I can’t imagine that anyone who heads off to Signature for Georgie will ever think of mountain lions in quite the same way or “an alligator in a bar” story without thinking of the mischievous comic skills Dixon displays as George Rose. OK, now permit this as only one of the myriad of pin-prick sharp bon-mots that Dixon gives the audience. Rose is observing two men; one older and one younger, walking quite close together on a Greenwich Village sidewalk. It is in the days not long after Stonewall. He waits a beat, then says this: “When a woman gets older she has to open her purse.” The ARK audience the night I attended had a momentary gasp and then silence. Dixon as Rose just looked out into the audience with eyes bright and a chipper presence. The slightness nod to give permission to laugh. Priceless!
But, in the last 20 minutes or so of Georgie, the show turns dark. Dixon begins to provide shards and snippets about Rose as Rose ages into his later 60’s.
Dixon slowly unfolds the tale of his real life friend’s descent into a life that’s not comprehensible – a life that Dixon found repugnant. There are also descriptions of sex tourism and human trafficking by outside visitors to a small Dominican Republic community. It is far from the world of Nabokov’s Lolita, and as he speaks, Dixon’s feelings of disgust and revulsion are clear. Darkness and shock descends. Looking directly at the audience Dixon asks himself and the audience, “How would you behave when told, ‘Oh my dear boy, that it is part of the culture. ”
Georgie, My Adventures with George Rose is directed with a light-hand by Eric Schaeffer. Schaeffer gives space for Dixon to perform what is his own very personal reminiscence.

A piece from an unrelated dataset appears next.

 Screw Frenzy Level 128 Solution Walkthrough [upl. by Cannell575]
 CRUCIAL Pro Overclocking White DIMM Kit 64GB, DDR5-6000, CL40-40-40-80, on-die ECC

“Georgie is the show that’s nearest and dearest to my heart, concerning, as it does, the amazing life and shocking death of my lifelong friend and mentor,” Dixon is quoted in Signature Theatre marketing material. Schaeffer also designed the backstage set design with rope riggings and a number of “ghost lights” at the wings. Chris Lee is credited with the lighting design that follows or spotlights Dixon as he dances about the stage or sits in a comfortable wing back chair at center stage.
Georgia: My Adventures with George Rose is exceptionally fascinating for the account of one human beings jumble of brightness and darkness. Ed Dixon has written and performed a play that is rare; a very personal account of a flawed friend and mentor who dies horribly, and is now buried in an unmarked grave in the Dominion Republic.
Georgie: My Adventures with George Rose is recommended for those who knew of George Rose and those who do not. It is a mostly delightful story about a great actor and a flawed human being. It will linger with you after the lights go up and you hit the winter chill. I will never forget it!
Running Time: 95 minutes, with no intermission.
Georgie: My Adventures with George Rose plays through February 7, 2016 at Signature Theatre – 4200 Campbell Avenue, in Arlington, VA. For tickets, call the box office at (703) 820-9771, or purchase them online.
Note: A developmental workshop of Georgie: The Life and Death of George Rose was presented at The TriArts Sharon Playhouse in Connecticut in May 2015.